Zonailo's poems about her Doukhobor
heritage come early, as though they are establishing poems for
those that will come after. Although they celebrate deeply historical
acts and gestures, they bind the traditional into the modern through
the poet's perspective, which both claims the tradition, and establishes
her difference. "Polly" is a poem of sorrow and protest
about immigration at one remove: third generation looking back
to first; emigration, from one culture, one country, to another;
and also emigration, drastic and brutal, from one time period
to another. The poem "Heritage” displays the naked
bodies of the poet's female forebears as the word made flesh,
faith incarnate in the stripped bodies of the women who protest.
"Arson Trial, Crown vs. the
People" spells out the tenants of Zonailo's aesthetic. The
women on trial perform "acts of belief"; their acts
become a model for Zonailo as a poet. Her longer poems enact "ritual
transformations"; her shorter poems are "rites of belief",
presented through images which, like the women's bodies in this
early poem, are emblems in which meaning has been made incarnate.
The most general base for lyric
poetry is the narrative of a life, considered by Zonailo not as
a pilgrimage toward understanding, but rather as a story into
which epiphanies may break at any moment. As a lyric poet, she
is concerned not with narrative per se, but with the lyric occasions
which it creates. What fascinates her is not sequence but metamorphosis;
not the static emblem, but the iconotropic image, which changes
while you look at it; not continuity in time, but time as an opportunity
For Zonailo, place is crucial—both
as a source of images and as a generator of new stories—because
places retain the traces of old narratives, and can elicit new
ones. For the personae who participate in Zonailo's poems and
who speak out of them, place becomes—without losing its
tactile and visual actuality—a geography of the spirit.
To find what Zonailo calls "a
mythic entrance into landscape" is to make landscape part
of the human story—to gather the images of landscape into
human meanings; and to open the self to the intimations which
landscape offers. Her sense of
landscape as numinous has been with her from the beginning. For
her, the experience of landscape and of personal occasion is mythological
in essence, not just in interpretation. In her work the immediate
and the mythological are conflated and perceived as two-fold—as
inseparably unified in the poem.
This feeling for the world is elaborated
in the long poems, but can also be seen in epitome in "Lumberman's
Arch," a lyrical section from a longer sequence. Rather than
being a regret for the loss of a child's clairvoyant perception
of the world, this lyric is an affirmation of a way of experiencing
the world natural to the child, and still possessed by the mature
poet. To live thus in the world which is at one and the same time
real and mythological is, the poem says, to be at home in the
The narrative of romantic love
is another base for lyric poetry. Zonailo's lyrics arising out
of this old, but very contemporary story, convey both a sense
of the antiquity of the various arrangements which coupling enjoins,
and an urgency to make these things new and fresh in language.

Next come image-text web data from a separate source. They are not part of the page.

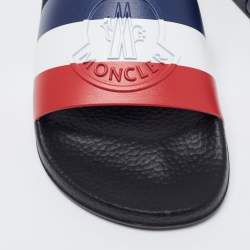 Pre Owned Moncler Black Leather Web Flat Slides Size 38
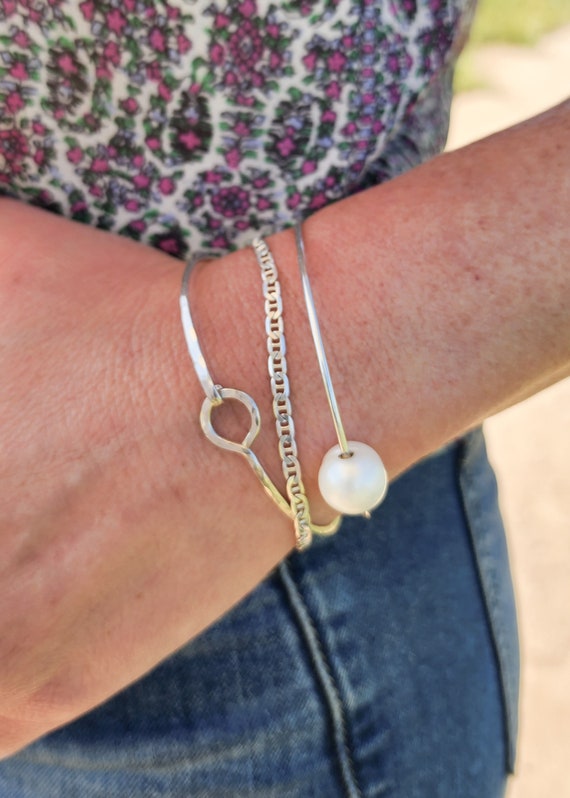 Sterling Silver Anchor Chain Bracelet, Layering Bracelet, Flat  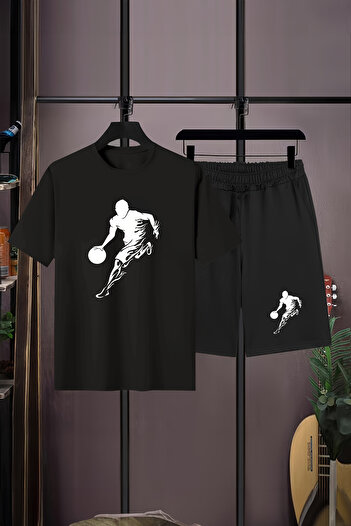 MYADA Basketball Player Printed 2-Piece Set - Crew Neck, Elastic Shorts, Kids 20562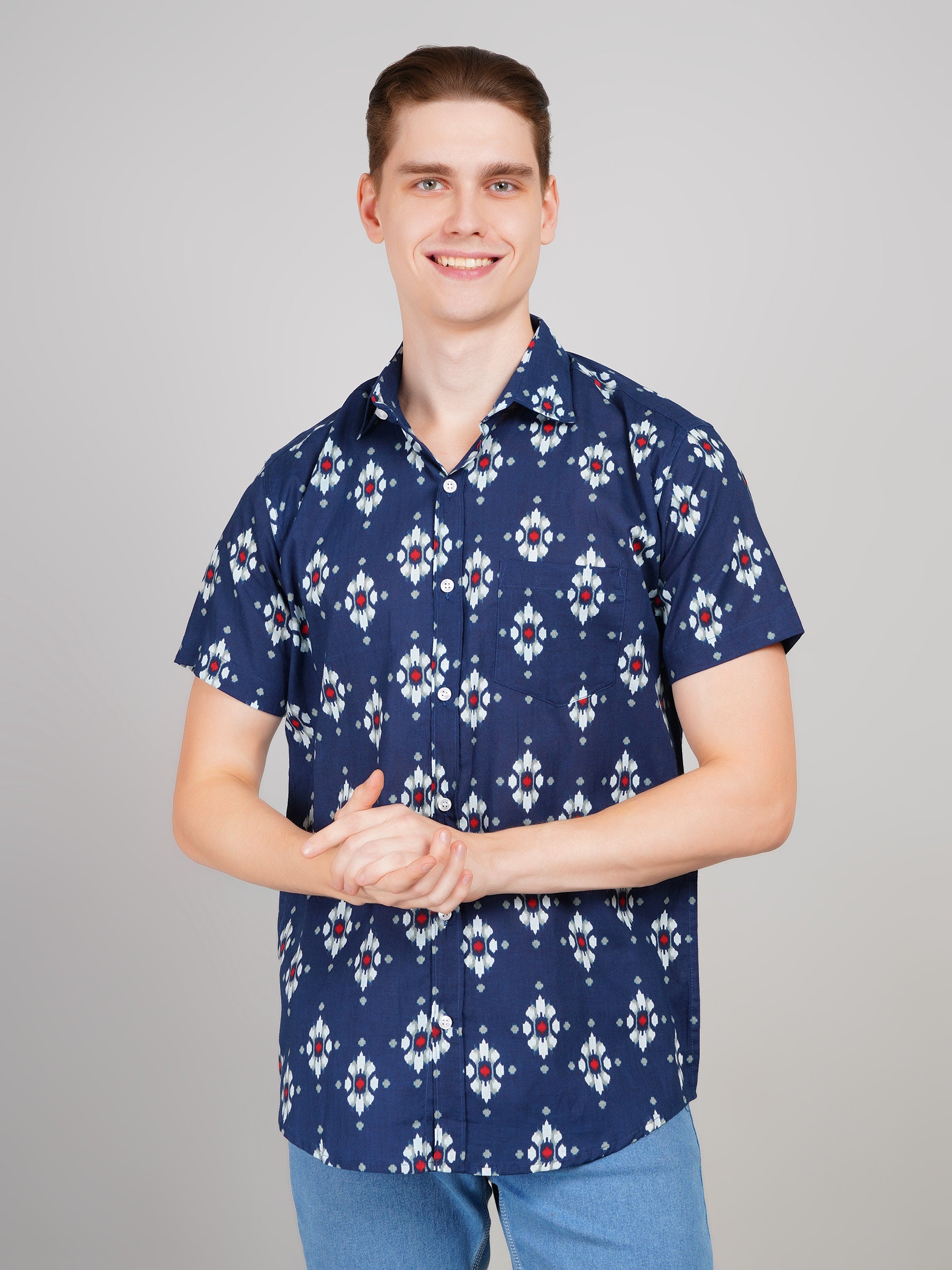 Nama's Blue Jaipuri Printed Cotton Shirt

Her love poems express a feeling for the fragility and gravity
of the couple, in the context of modern history. An early love
poem, "Burial of Bones" finds, in the powerful shorthand
of symbols, a terse summary of the burden of loving, enacted here
in terms of ritual—digging stones, burying bones. Zonailo's
love poems seem to exist in a mood of fated intensity: the stations-on-the-way
of this bittersweet service, which lovers willy-nilly pay to love,
she celebrates in tableaux which are both carnal and sacramental.
In finding fictions to carry her
sense of life into poetry, the poet has the richness of her own
daily experience, as well as the store of narrative and images
from classical sources, and, in Zonailo's case, from the native
myths of the West Coast. An early lyric, "D'Sonoqua"

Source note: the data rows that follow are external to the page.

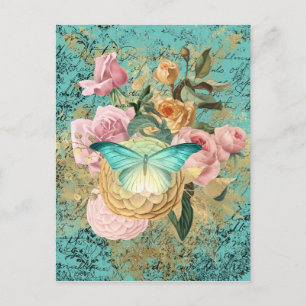 Carte Postale Bouquet vintage floral et papillon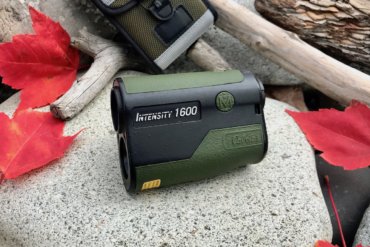 This photo shows the Cabela's Intensity 1600 Laser Rangefinder with its included carry case.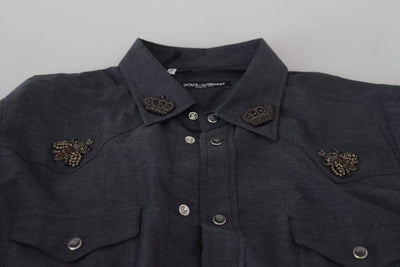 Dolce & Gabbana Blaues Baumwoll-Denim-Kristallbienenhemd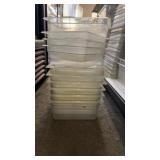10 pieces assorted Kimbrough clear pans 10x 12 in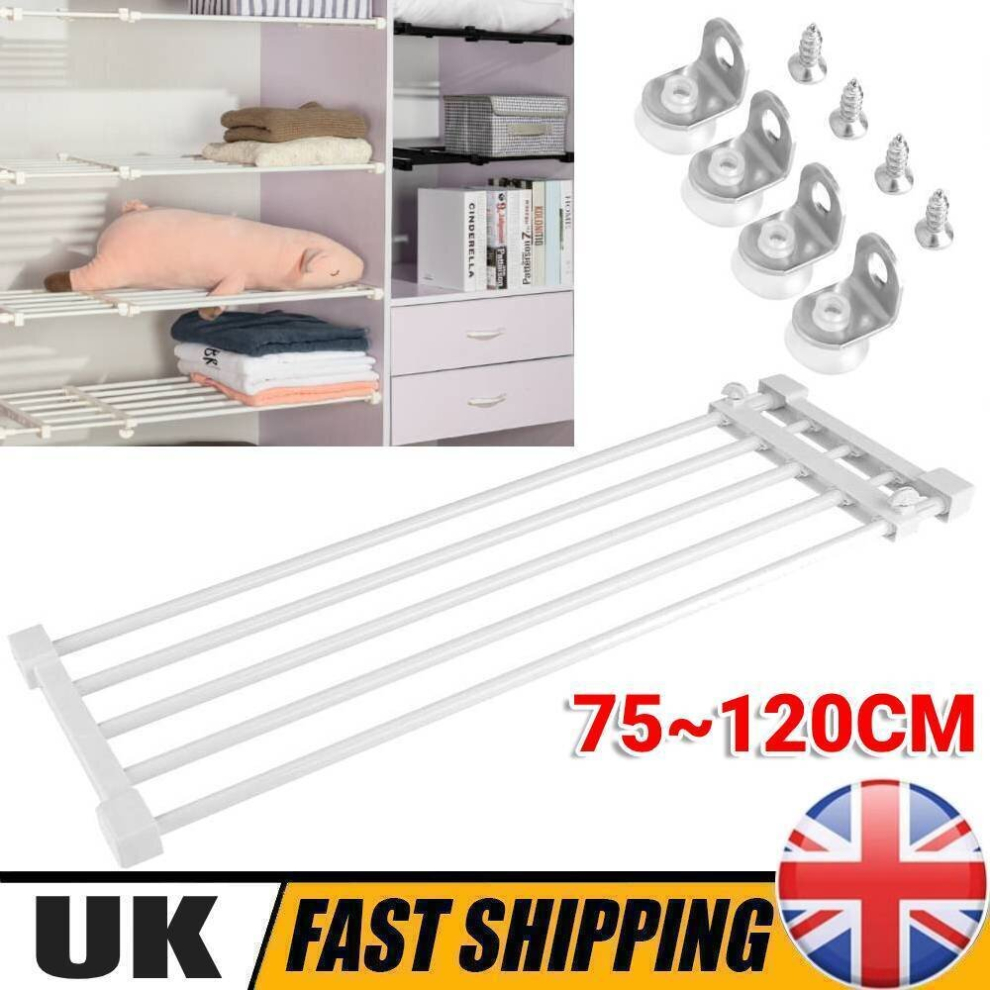 75-120cm Extendable Closet Organiser Wardrobe Shelf Storage Divider Rack Cupboard Shelves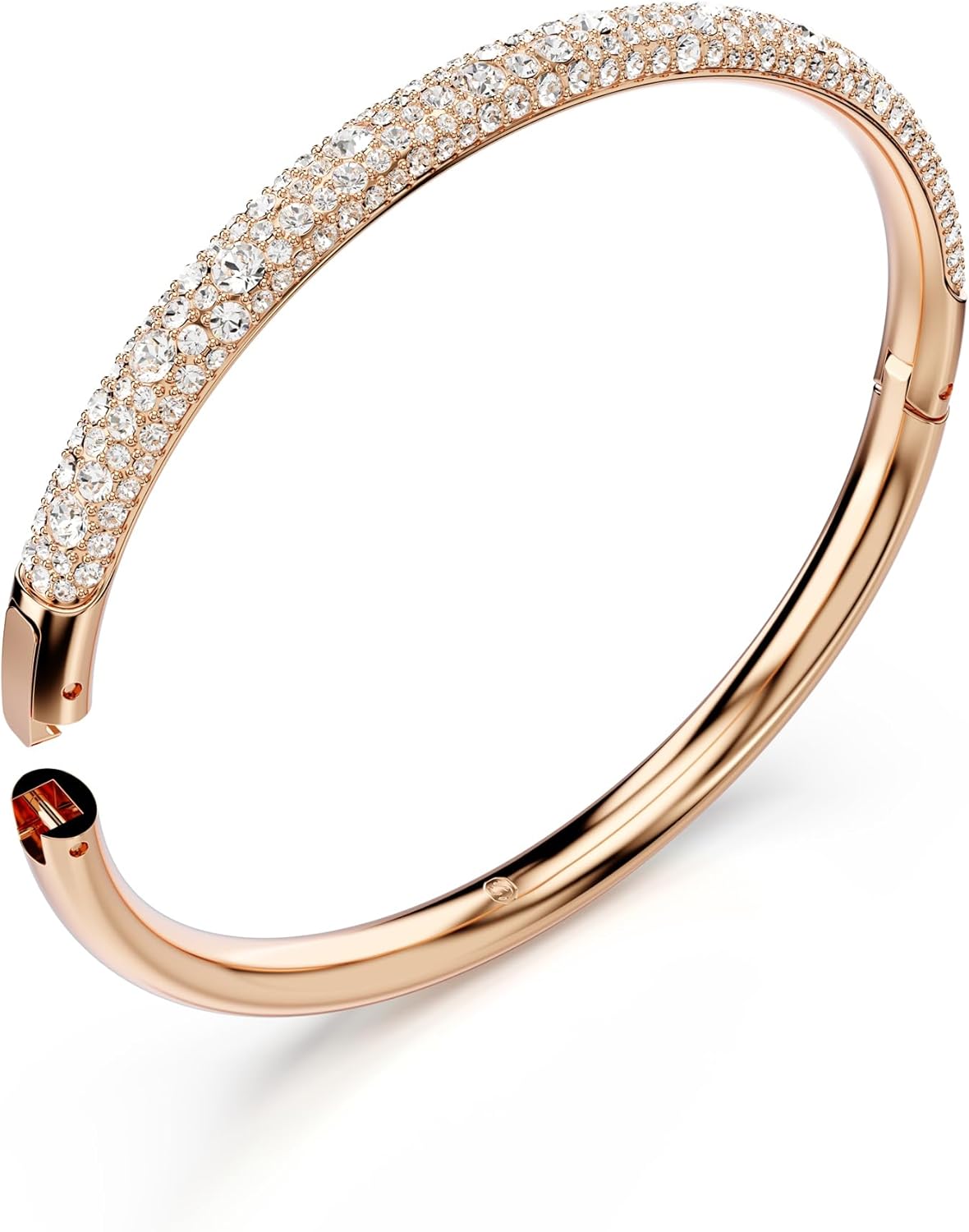 Swarovski Sublima Bangle Collection, White Crystals in a Rhodium or Rose Gold-Tone Plated Setting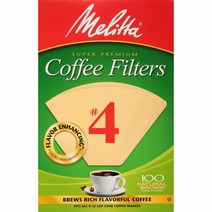 Melitta FBA_624602 식품 4호 콘 내추럴 브라운 페이퍼 커피 필터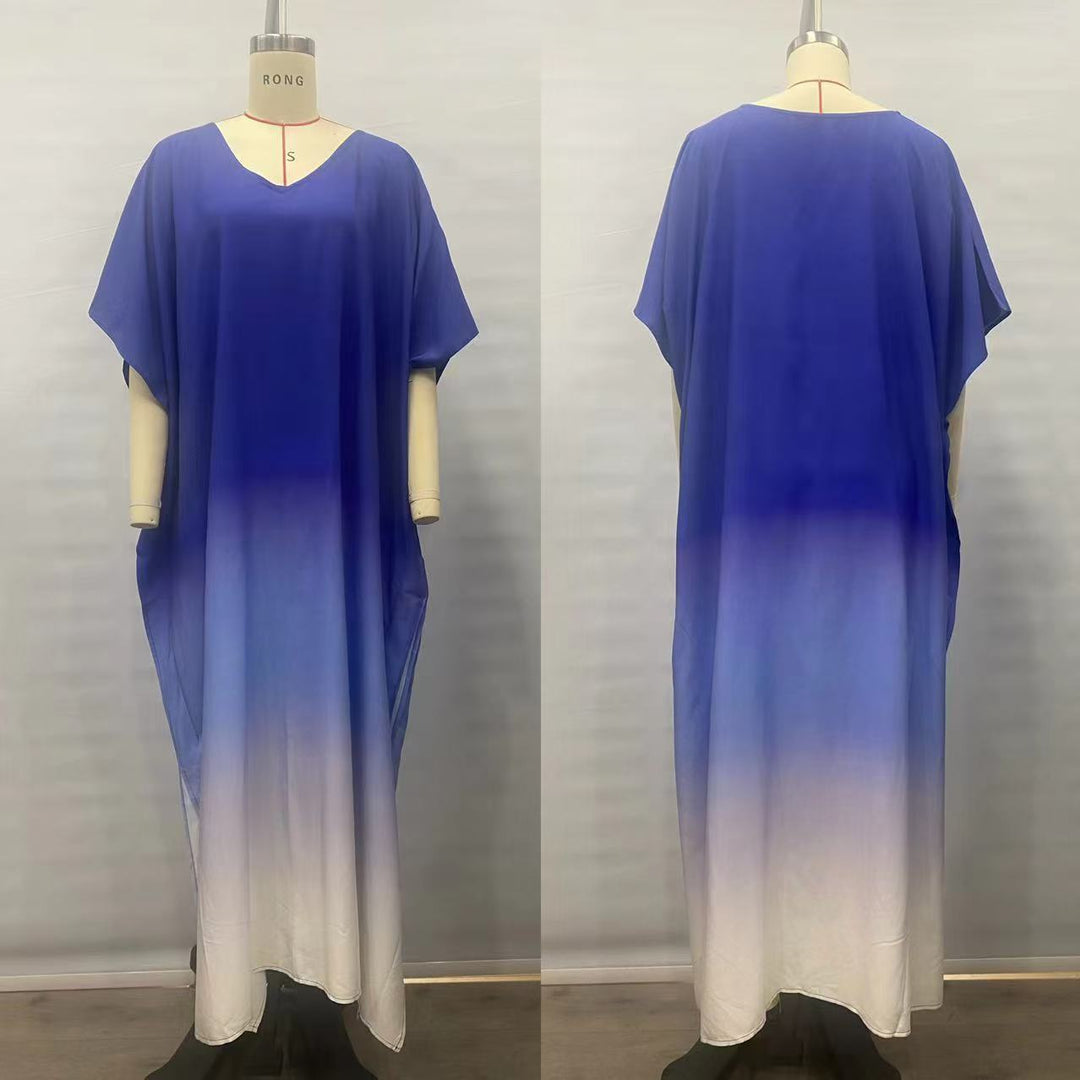Gradient Color Rayon Beach Dress Vacation Beach Cover Up Swimsuit Outwear Dress Women Slit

invokes a powerful image from native mythology, used here as a
vehicle for the exploration of the self: the terrible mother,
the dark double, with whom the poet identifies, and whom she must
The long poem "False Passage"
alludes to native history and legend; it expresses a sense of
human living embodied in the flora and fauna of the coast. The
title of the poem itself presents a natural image of transformation:
the narrow passage between two islands, which is water at high
tide, dry land at low. The varied meditations of this poem intensely
evoke the poet's feelings for the landscape and its legends as
an animated, animating source—both for the human life lived
in communion with it, and for the words which express that life.
"Ceremonial Dance" combines
the regional—the Queen Charlotte Islands, home of Haida
culture and its sacred places—with the classical story of
Circe and her transformations. This frame sustains a meditation
on sexuality, fidelity, and love. What both these sources give
the poet is detail: names, attributes, paraphernalia, and the
power of allusion that particulars allow.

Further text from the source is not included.